**WHAT YOU SHOULD DO**
Reproduce only the lines below from the line containing "Gandhi Inn-3" to the line containing "<SEIKO> SNOWFLAKE Quartz watch", exactly as written, with both end lines kept. Omit the pictures.

**DATA RECORDS**
○ ○ ○

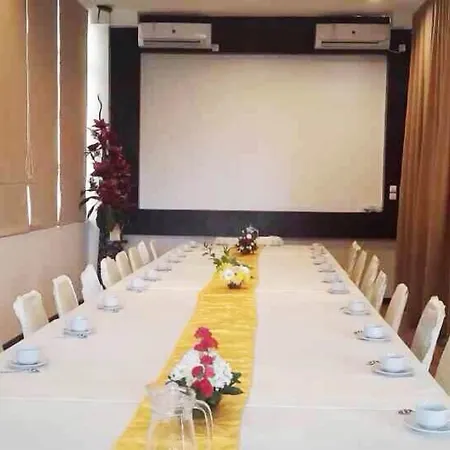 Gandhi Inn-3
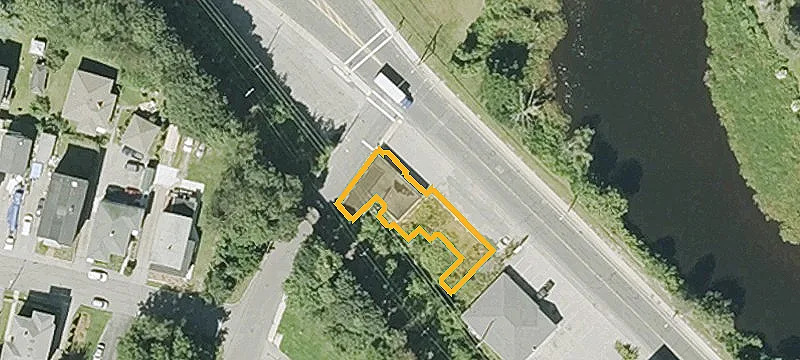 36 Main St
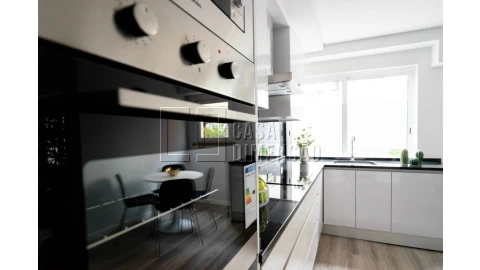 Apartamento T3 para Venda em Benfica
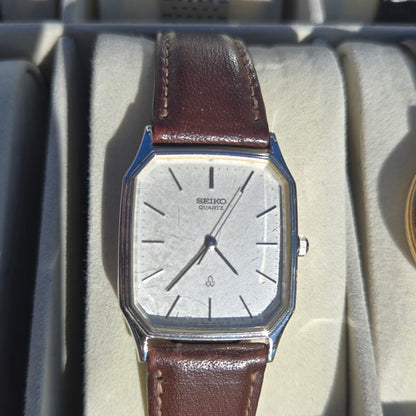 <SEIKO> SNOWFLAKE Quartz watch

○ ○ ○

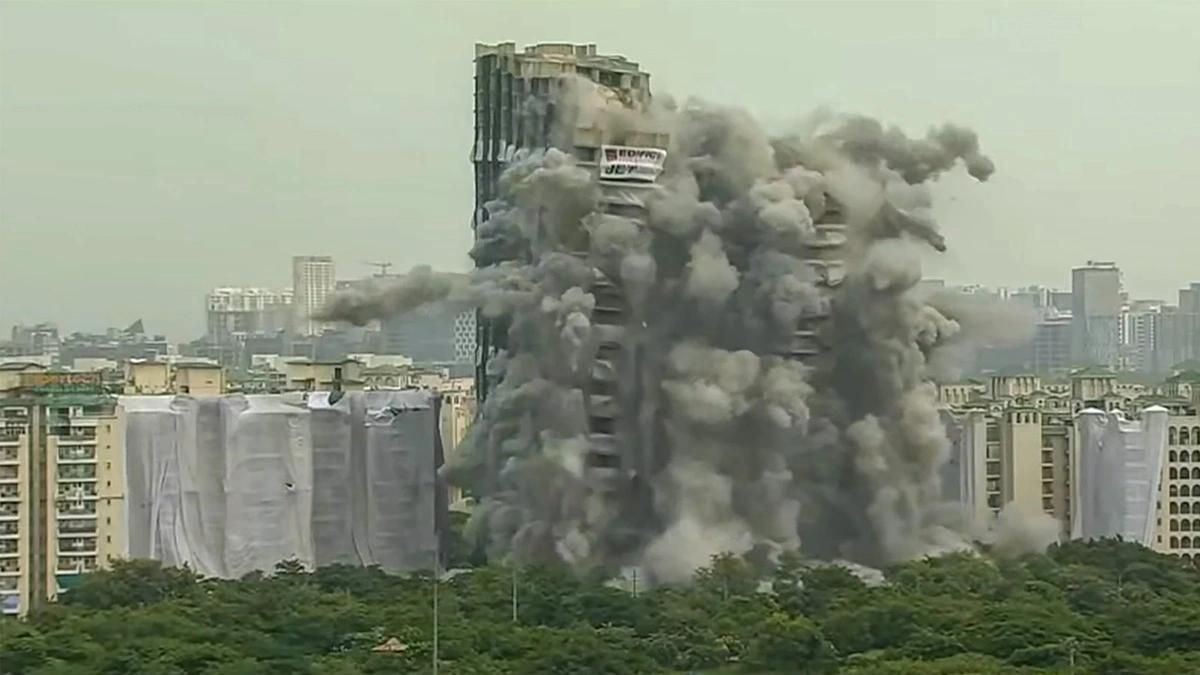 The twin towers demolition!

○ ○ ○

**SOLUTION TO THIS TASK**
 Gandhi Inn-3
 36 Main St
 Apartamento T3 para Venda em Benfica
 <SEIKO> SNOWFLAKE Quartz watch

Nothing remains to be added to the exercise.